March is Rural Women’s Month which meant I had the delight of speaking with rural women last week about why this support is needed (East Central Trader, March 11, page 7). Agriculture is one of those industries where its media is dominated by men.
Becky Zimmer, editor

March is Rural Women’s Month which meant I had the delight of speaking with rural women last week about why this support is needed (East Central Trader, March 11, page 7).

Agriculture is one of those industries where its media is dominated by men.

How often do we see a woman driving the combine, or out in the pasture with the cattle?

The press release from the Saskatchewan government tells an entirely different story.

“Nearly one in four farm operators in Saskatchewan is a woman, and one in 10 of those is a sole proprietor,” the press release says. Also that, “agriculture is the second-largest employer of rural women.”

How often are our women farmers represented by society as being part of the agriculture industry?

Like I said in the article last week, there are 41,500 people employed in the agriculture industry in Saskatchewan at the end of February 2016.

By government numbers,  4,150 own their own farm and 10 thousand operate a farm.

And these numbers are not just the farm wives who take care of the kids and take out meals to the field. These are women who also run the machinery, and as farm owners, make most of the decisions when it comes to running and maintaining their own farms.

That is a big number of women who are not being recognized for their accomplishments and a large group of people we do not see in this, like agriculturally based commercials and programming.

I know women who have to deal with this stigma on a daily basis.
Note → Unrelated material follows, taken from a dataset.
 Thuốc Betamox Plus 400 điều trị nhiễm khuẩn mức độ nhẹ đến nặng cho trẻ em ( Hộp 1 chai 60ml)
Can we stop pretending that our genitals are what makes us good at something or bad at something?

One friend works as an agronomist and earned a position high on the ladder right off the bat out of university.

It took a long time before she was respected in any way by many of her male colleagues.

I’m not saying that their reasoning was only because she is a female in the agriculture world.

She is young, which can also cause a lot of unnecessary attitude among older employees, and was fresh out of university, which is a challenge for some people who have worked in the same industry for a while without a university degree.

Based on many of her experiences, the fact that she is female definitely made a difference in the way she was respected at work.

For the people saying right now, well she still needs to earn respect, would you be saying that if she was male? If it was a male doing grain testing and he said there is something wrong with the grain, would their word be challenged or his word more trusted because of the fact that he knows what he is doing?

That should be the common test. Change the sex of the person you are dealing with. Would you treat them any differently if the sexes were reversed?